As shown in the chart above, and in the prices from ORTP table in Section III, renewable resources are expected to exhibit a higher cost of new entry than gas-fired resources. The MOPR’s resource-type cost stratification is relatively consistent with other analyses examining the levelized cost of energy from new electricity generation resources.[35]

  1. Please describe the MOPR’s impact on new renewable resources supported by long-term contracts.
  2. While new resources are not precluded from offering below their relevant ORTP if they are able to justify unique resource-specific economics, the MOPR will remove any revenues derived from ratepayers to support a renewable project pursuant to state laws from new renewable resource offers. As a general matter, this reinforces the stratification effect on the supply curve. Since renewable resources are not likely to be a lower cost solution than more mature technologies for meeting the region’s resource adequacy targets, the MOPR will likely exclude renewable resources from the FCM. This outcome is both logical and foreseeable; the MOPR is designed to deter so-called uneconomic entry.[36]
  3. Are there other ways in which renewable resources are effectively excluded from the auction?
  4. Yes. The conduct of the descending clock auction also serves to exclude certain renewable resources. For example, biomass has an ORTP that exceeds the auction starting price. As a result, biomass resources will not ever be selected in the auction, unless they can justify resource-specific economics that support an offer below the auction starting price. Once the auction begins at a price of $15/kW-month, the $24/kW-month biomass offer floor has already been priced out of competition. After the first round, when the bid price decreases from $15/kW-month, other renewables, including solar, off-shore wind, landfill gas, small hydro, and tidal power, will be removed from the auction because their ORTP is set at the auction starting price. Once the FCA begins, the only renewable resource with a functional opportunity to participate is on-shore wind, with its $14/kW-month ORTP. However, once the first round of the auction ends, on-shore wind will also likely be eliminated from participation.

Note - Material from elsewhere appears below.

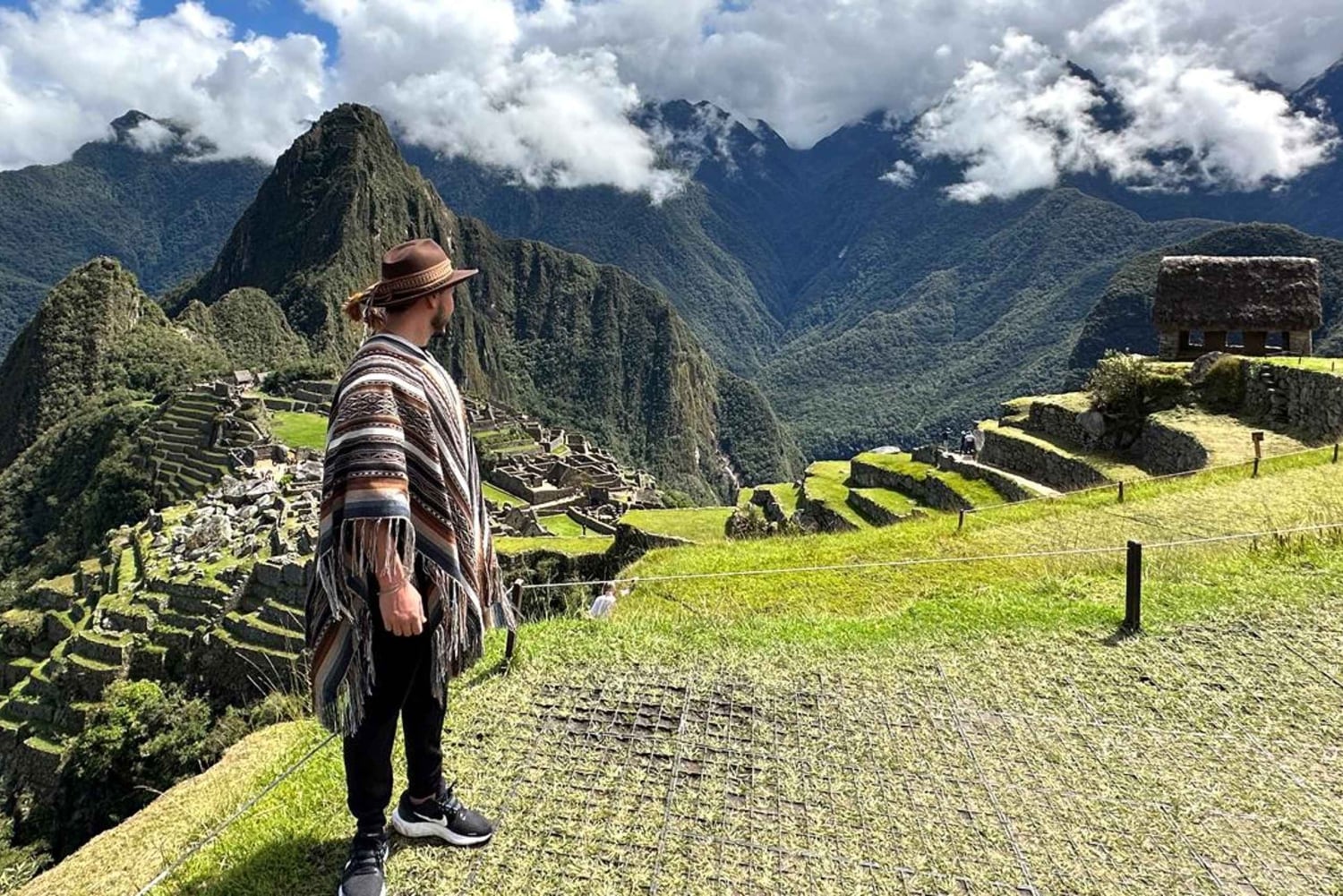 Cuscosta: 2 päivän opastettu retki Machu Picchulle kuljetuksineen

Application of the MOPR to all new resources ensures that only if insufficient gas-fired resources come forward will renewable resources have a chance to clear the auction. Even then, only on-shore wind has a slight chance to count towards the region’s resource adequacy target. In this manner, the MOPR’s effects are not confined to deterring the exercise of buyer-side market power; those effects extend to excluding virtually all new renewable resources that are pursued relative to legitimate state policies and in furtherance of State statutory requirements.

  1. NESCOE’s Renewables Exemption Proposal
  2. In light of your conclusion that, as filed, ISO-NE’s buyer side mitigation proposal is overly broad, what do you recommend?
  3. I recommend that the Commission adopt a narrowly tailored exemption from mitigation for renewable energy resources that are developed pursuant to state policy. NESCOE’s proposed exemption is referred to in the concurrently filed Complaint, and in my Prepared Affidavit, as the Renewables Exemption Proposal. Although I am not an attorney, I am regularly called upon to interpret the technical requirements of Commission orders. My understanding is that the NESCOE Renewables Exemption Proposal is consistent with the sentiment in Chairman Wellinghoff’s and Commissioner LaFleur’s concurrence with the April 13, 2011 Order. There, Chairman Wellinghoff and Commissioner LaFleur opined “that the ability to seek exemptions from mitigation may be a critical component of entities’ efforts to satisfy their renewable portfolio standard obligations.”[37]
  4. Please describe the basis for NESCOE’s Renewables Exemption Proposal.
  5. NESCOE proposes a categorical exemption to the MOPR based on the overarching principle that legitimate state statutory goals – including the means the States have determined to be reasonable to achieve them – can and must be integrated within a competitive market structure. Four factors underlie this principle and are reflected in the language of NESCOE’s proposed renewable exemption. First, resources that all six New England states define as renewable[38]—and codified in statute, regulation or a state policy goal—are unlikely to have been intended as a mechanism for deliberate price suppression. Second, resources that are small in size are less likely to have a significant individual impact on the market-clearing price. Third, a multi-fuel resource should only benefit from the exemption commensurate with the renewable portion of its energy generation.[39] Last, eligibility for the exemption is capped at an approximation of the annual amount needed to meet RPS goals.
  6. Please describe the eligibility requirements for NESCOE Renewables Exemption Proposal.
  7. The definition of Renewable Technology Resource includes two principal elements. The first is those resource types eligible for RPS credit in five of the six states and supported by a comparable program in the sixth.[40] The second is those renewable resources types recognized by any one State’s law, but with a 10 MW size limitation. Three eligibility limitations apply to both elements: (1) qualifying resources must be supported by an out-of-market revenue source supported by a state- or federally-regulated rate, charge, or other regulated cost recovery mechanism; (2) such resources must not collectively exceed an annual MW capacity limit; and (3) resources are subject to a multi-fuel provision that ensures that only resources that genuinely produce renewable power are exempt.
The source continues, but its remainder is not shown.